As well as somewhere safe, adjusting the small details of our surroundings – for example, creating a mood by altering the lighting, having motivating and inspiring words and images on the walls, sitting in a favourite comfortable chair – all just by their presence are conducive to greater creativity.

So by doing some of the above, we give our romantic date (in this case a date with our own creative projects) the best chance of being as enjoyable and fruitful as possible.

Second Element: Reducing Options Increases Focus

The second powerful “Sandbox” element is that by reducing our options, we actually become more focused and give our ingenuity and creative invention the green light to work overtime.

For example, imagine you were given the opportunity to be a classical composer for a day. The 100+ players of the London Symphony Orchestra are at your command, ready and willing to put your most amazing musical creation to life. It’s now up to you to simply create a piece of music and tell them what to play.

Where would you start?! Would you first consider the theme of the piece, the story and emotion behind the music? Or would you start by defining the length and structure of the piece, its sections, phrases and movements?

Maybe you’d begin with a melody or note sequence and build outwards from there? Or would you start with the string section of the orchestra, compose the part they’ll be playing and then add the woodwind, brass, percussion and other sections layer by layer?

The options are mind boggling, and the majority of us in this situation would be completely overwhelmed and most likely end up creating nothing at all. Yet this is often exactly the same situation we put ourselves in with our own creative work.

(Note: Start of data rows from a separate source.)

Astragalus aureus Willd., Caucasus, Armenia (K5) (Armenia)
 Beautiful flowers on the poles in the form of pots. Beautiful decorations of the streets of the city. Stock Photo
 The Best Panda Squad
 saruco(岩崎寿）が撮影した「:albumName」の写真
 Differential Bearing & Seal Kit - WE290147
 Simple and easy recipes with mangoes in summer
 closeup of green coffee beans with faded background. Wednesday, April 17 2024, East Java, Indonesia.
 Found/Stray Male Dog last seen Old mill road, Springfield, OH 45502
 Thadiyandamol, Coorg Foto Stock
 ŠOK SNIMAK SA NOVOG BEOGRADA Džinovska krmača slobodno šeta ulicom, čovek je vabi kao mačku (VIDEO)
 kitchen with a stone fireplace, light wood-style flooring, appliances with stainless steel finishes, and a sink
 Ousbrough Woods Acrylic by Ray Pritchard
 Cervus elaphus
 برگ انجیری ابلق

By working in our “Sandbox” and defining parameters – edges and limits within which we’ll work – we can eliminate dead ends, exercise our creative muscles and begin to focus on more specific ideas and solutions.

In the orchestra example, this is the equivalent of making the choice, say, to compose a 5 minute movement based on our feelings after the end of long love affair of our youth, starting with a simple 5 note melody and using the 8 lead players of the string section only.

Already these defining parameters give our creativity something to focus on, get its teeth into, and begin generating ideas around.

Without this framework, our possible options are huge and so too therefore becomes the pressure to choose where to begin and how to progress.

How can you create your own Sandbox?

The benefits of this idea are obvious, so much so that we can often easily overlook them.

So think right now about how you can apply the benefits of the sandbox in your creative life.

How can you incorporate the two elements described above – a safe, secure environment and a vastly reduced and focused set of options – to help you increase YOUR creativity?